On the demand side, world consumption is projected at 541.2 million tonnes, slightly reduced versus earlier figures because of lower use in Iraq and Vietnam. Record trade at around 63 million tonnes highlights robust import appetite, especially from Asia and Africa, even as some buyers take advantage of softer prices to rebuild inventories.
World ending stocks are set to rise modestly to 192.8 million tonnes. Higher inventories in Cambodia more than offset drawdowns in Bangladesh and several other markets. This incremental stock build, on top of strong Indian supplies and comfortable public reserves, keeps the global balance sheet firmly in “adequate” territory and limits immediate upside pressure on prices.
Weather & Regional Drivers
The main short‑term risk factor is India’s 2026 monsoon.
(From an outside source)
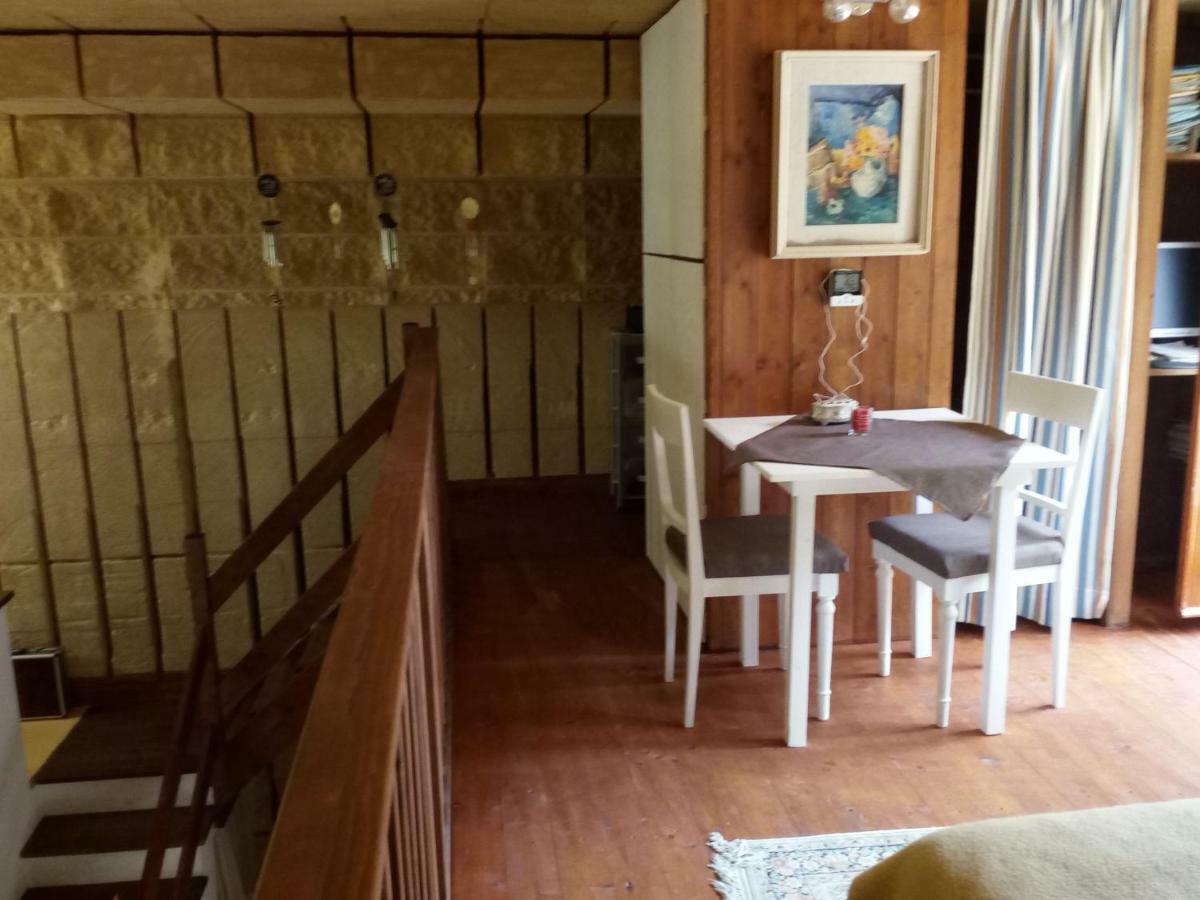 Casa Nella Grotta Apartment มาร์ซาลา ภายนอก รูปภาพ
As of late June, cumulative rainfall was estimated about 43% below normal, and sowing of kharif crops such as rice started under moisture stress conditions. In early July, the monsoon has advanced into northern and north‑western India, bringing relief from heat but also localized flooding risks in parts of Maharashtra, Goa and central India.
If July rainfall normalizes, yield losses in India’s 2026/27 rice crop should remain limited, allowing the country to maintain its key role in global supply. Conversely, a prolonged rainfall deficit during the core sowing window could force a downward revision to India’s output and re‑ignite concerns about export policy tightening later in the season. For now, market pricing still assumes broadly adequate Indian production, consistent with the balanced global outlook.
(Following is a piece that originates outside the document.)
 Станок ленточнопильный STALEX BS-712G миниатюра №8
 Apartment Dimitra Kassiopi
In Southeast Asia, Vietnam enters the second half of 2026 with strong export momentum but easing prices. Domestic reports point to tightening supply at the end of the winter–spring crop and firm overseas demand, yet international competition and large stocks in other exporters are capping price gains.
Fundamentals & Trade
- Production: 2026/27 output stable at 537.8 Mt; 2025/26 revised up to a record 544.7 Mt, largely due to India’s bumper 154 Mt crop.
- Consumption: Slight downward revision to 541.2 Mt, mainly reflecting weaker demand in Iraq and Vietnam.
- Trade: International rice trade expected to remain at a record 63 Mt, underscoring resilient import demand even at softer prices.
- Stocks: World ending stocks inch up to 192.8 Mt; higher Cambodian stocks offsetting declines in Bangladesh and others.
- Price tone: Global benchmarks and key FOB quotes in India and Vietnam show mild week‑on‑week easing, signalling a comfortable, buyer‑friendly market.
These fundamentals align with recent international assessments showing daily FOB long‑grain quotes drifting lower compared with 2025 levels, with Asian origins competing actively for volume. The combination of high stocks, record trade and only marginal demand growth supports a scenario of range‑bound prices in the near term, barring a major weather or policy shock.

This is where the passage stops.